Mark Gatiss says we are forgetting our gay history but doesn’t think lecturing helps
The 'Sherlock' star is to present a documentary on the life of gay artist John Minton
By Steve Brown
Mark Gatiss believes we are forgetting our gay history.
The Sherlock star – who is married to Ian Hallard – is set to present a new BBC documentary on gay artist John Minton on Monday and although Minton is, in some ways, a forgotten gay crusader, Gatiss says that everyone nowadays are forgetting their history.
Speaking exclusively to Attitude, Gatiss said: “Of course we are! But then, everyone’s forgetting their history.
“That’s why we’re in this fucking shit show, isn’t it? [Laughs] Yes, but I don’t think anyone should be lectured to because then you get even more resistant to it.
“It’s nice to discover things, the way I did. I discovered Minton by looking at a picture on a wall and I think that obviously still happens.
“Information is more widely available than it’s ever been. It’s just disappointing if people aren’t bothered.
“But at the same time, they’re living their own life, aren’t they? They’re living a life that people will look back on and say ‘Oh that was then’.
“The Instagram generation one day will become a curio, won’t it? It’ll be replaced by something else.
“I just think it’s nice to have an enquiring mind. “I have a voracious hunger for those sort of stories. Just to talk to people about their own lives.
“I love it when people are interested, I do get a bit depressed when people aren’t, but that goes for everything, doesn’t it? It’s across the board.”
Gatiss also spoke about why Minton is somewhat forgotten and says it was because he “wasn’t a natural crusader”.

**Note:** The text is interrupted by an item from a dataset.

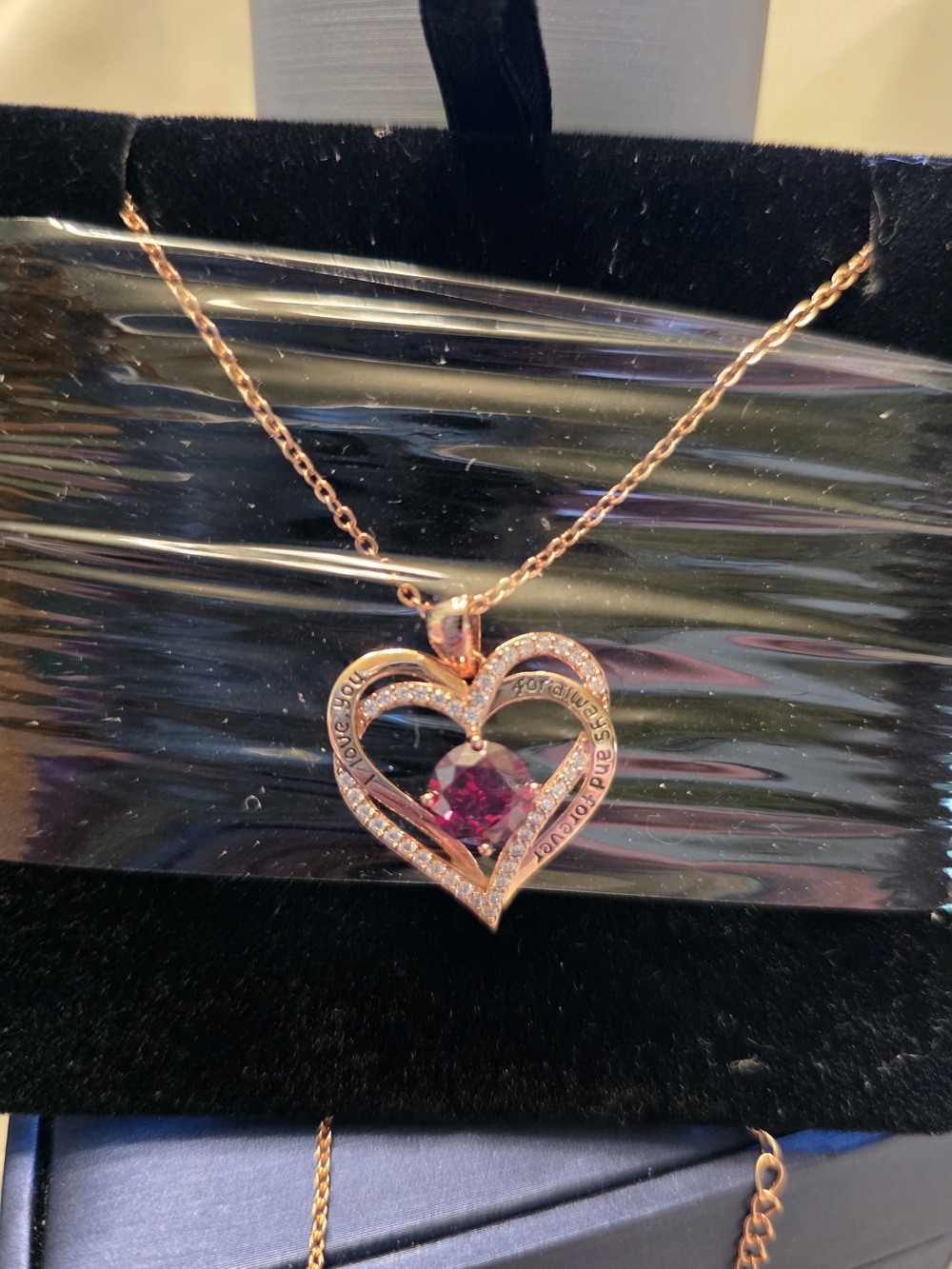 #416 Rose Gold Heart Pendant Necklace with Pink Gem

He continued: “I think it’s because he wasn’t a natural crusader. There’s something in his personality which is half the time conservative and quite prim, and then completely abandoned which is a very interesting thing.

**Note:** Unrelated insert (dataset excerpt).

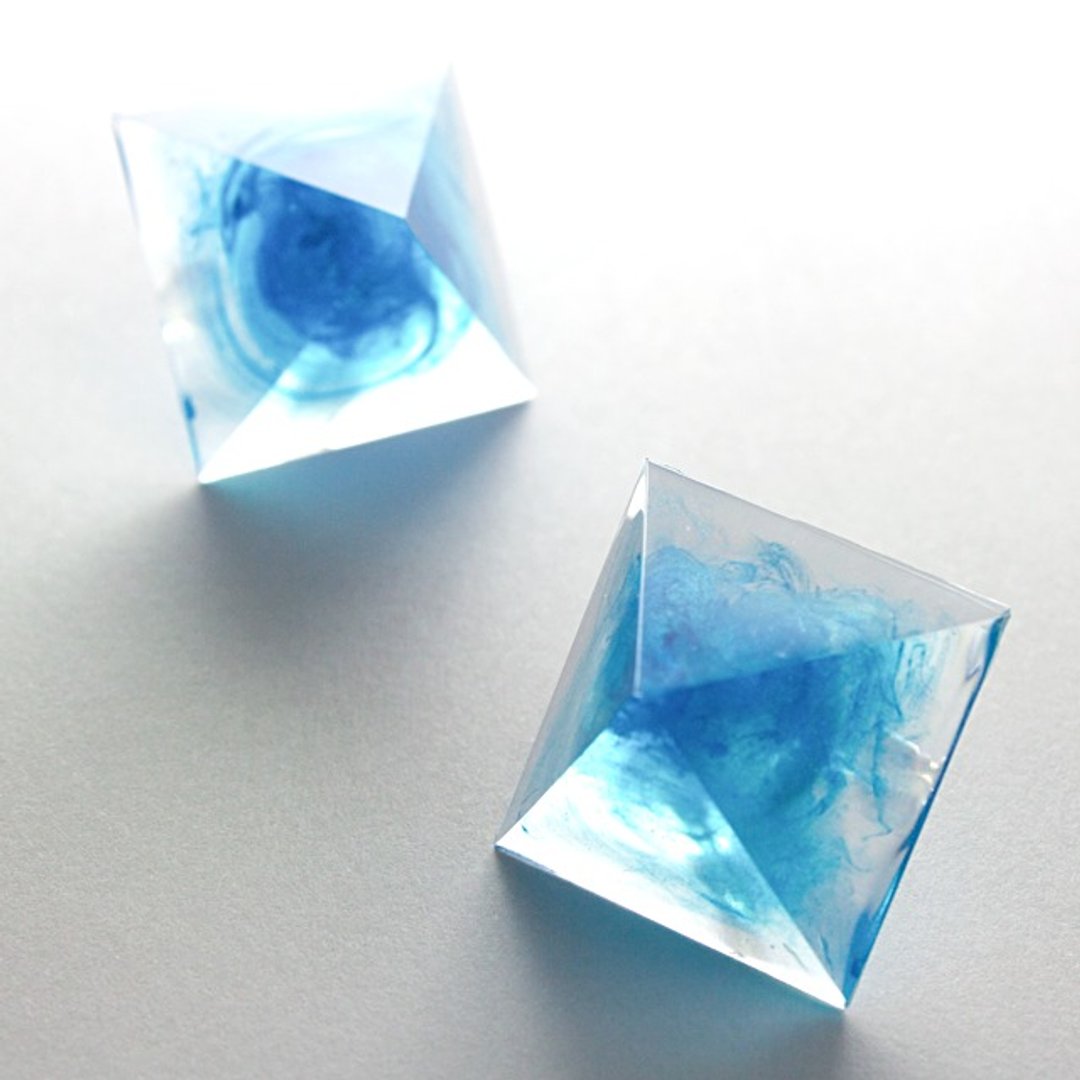 金字塔型耳环（冰山） - 耳环/耳夹 - 其他材质 蓝色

“I don’t think he would ever have seen himself as a crusader. He did it from a point of view of sheer humanity, I think.
“When he wrote that letter to The Listener, seven years before Wolfenden, 17 years before decriminalization, he effectively outs himself.
“It is remarkable. He actually said to a friend ‘That’s probably ended my career’. It wasn’t, but who knows what people said about him, outside of Soho, after that?

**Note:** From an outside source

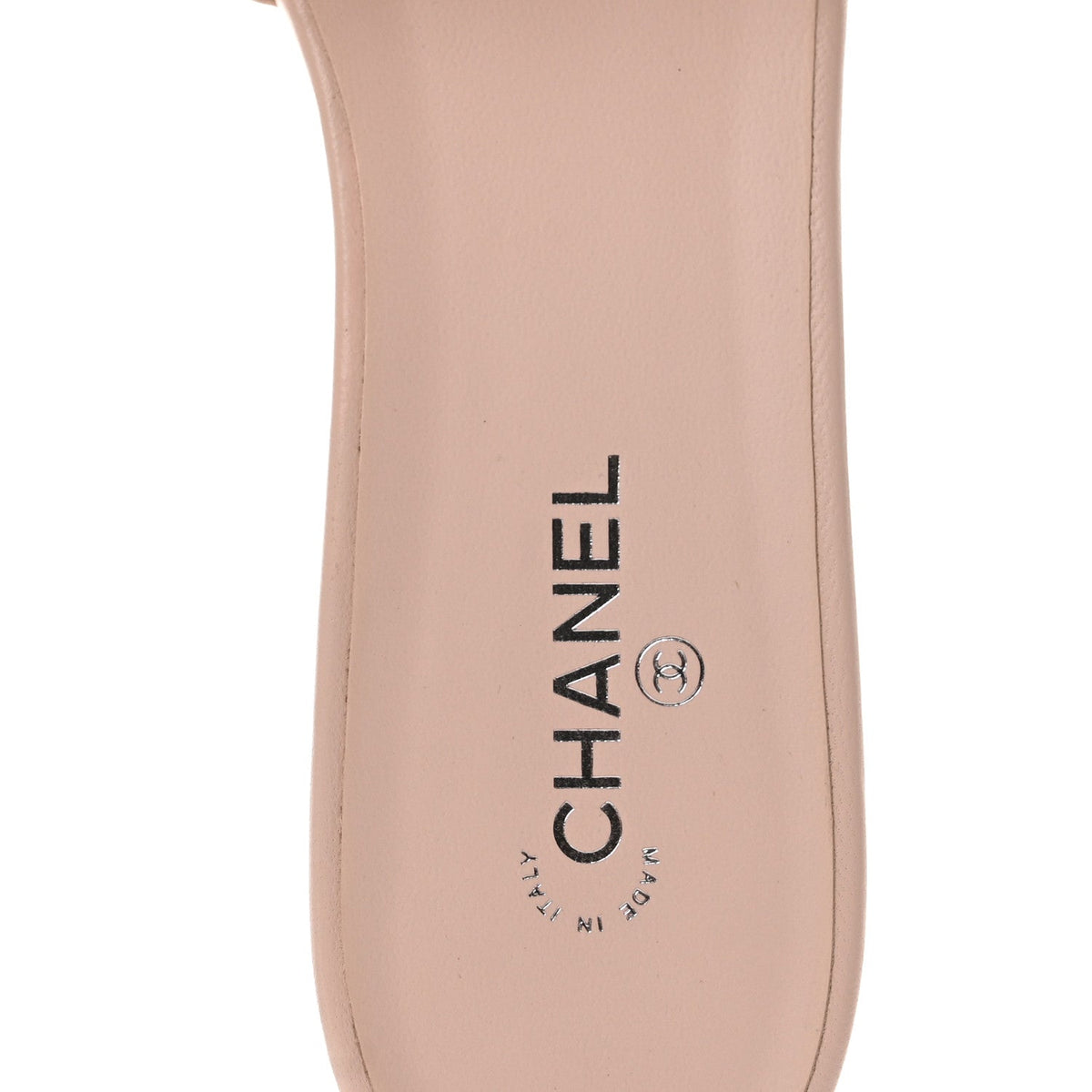 Chanel Mesh Lambskin CC Bow Women's Mules 37.5 Pink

“He was obsessed with becoming an associate academician at The Royal Academy, and he didn’t get it.
“You can imagine the scene in the room where someone pulled a face about him being a poof and that was it, in those days.
“He’s not some sort of proto-Peter Tatchell figure, banging a drum or anything like that.
“He just sort of did it. Almost on a whim. So it might be that, he’s not up there with the pioneers because he sort of stumbled into it.”
Mark Gatiss on John Minton: The Lost Man of British Art is on BBC Four, Monday, August 13 at 9pm and BBC iPlayer.